MH370 relatives have endured more than a fortnight of agonising uncertainty.

Two-thirds of the passengers were from China, and relatives there have criticised Malaysia in acid terms, accusing the government and airline of a cover-up and botching the response.

The sister of New Zealand victim Paul Weeks also lashed out Thursday.

“The whole situation has been handled appallingly, incredibly insensitively,” Sara Weeks told Radio Live in New Zealand.

“The Malaysian government, the airline, it’s just all been incredibly poor.”

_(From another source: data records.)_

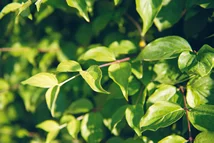 Cornus mas Heckenpflanze mit Ballen Höhe: 200cm, Breite: 50cm Länge nach Wahl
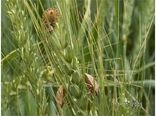 مشاهده پوره سن گندم در مزارع خراسان شمالی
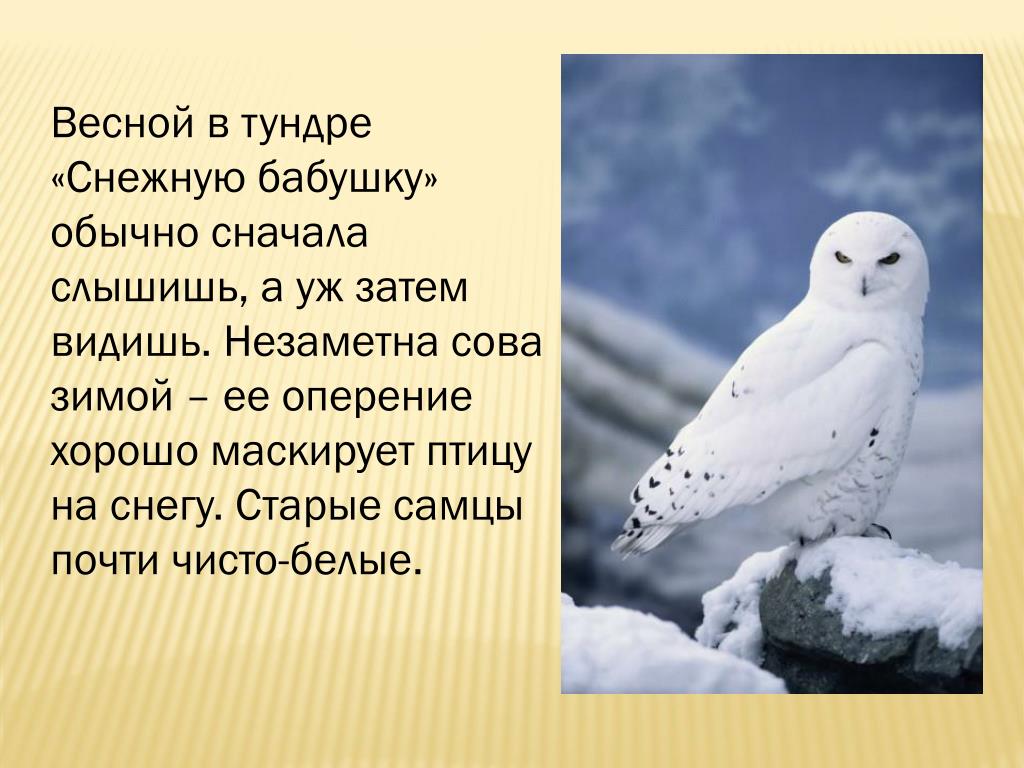 В какой природной зоне обитает белая сова. Информация о полярной сове. Полярная Сова презентация. Сообщение о белой сове.
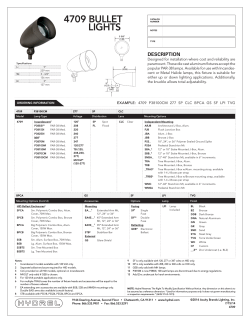 4709 BULLET LIGHTS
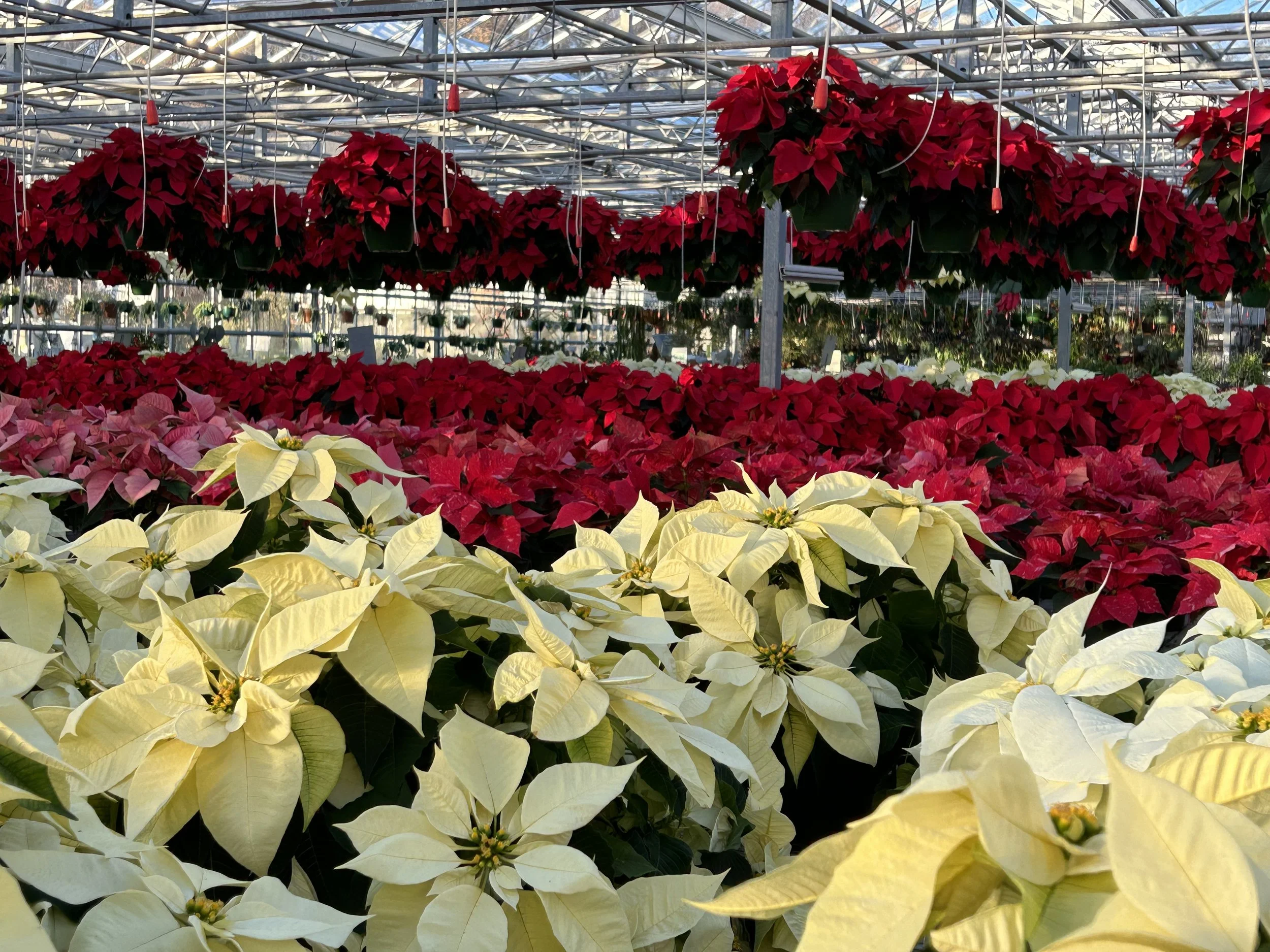 Stanley's Holiday Market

Scores of Chinese relatives protested outside Malaysia’s embassy in Beijing on Tuesday and China kept up the pressure, with Premier Li Keqiang urging Malaysia Wednesday to involve “more Chinese experts” in the investigation, according to a Chinese foreign ministry spokesman.

While Malaysia believes the plane was deliberately diverted, other scenarios include a hijacking, pilot sabotage or a crisis that incapacitated the crew and left the plane to fly on auto-pilot until it ran out of fuel.

Focus has also been on the pilot, Captain Zaharie Ahmad Shah, with the FBI Wednesday saying it was close to completing an analysis of data from a flight simulator taken from his home, at the request of the Malaysians who wanted help to recover files deleted from the hard drive.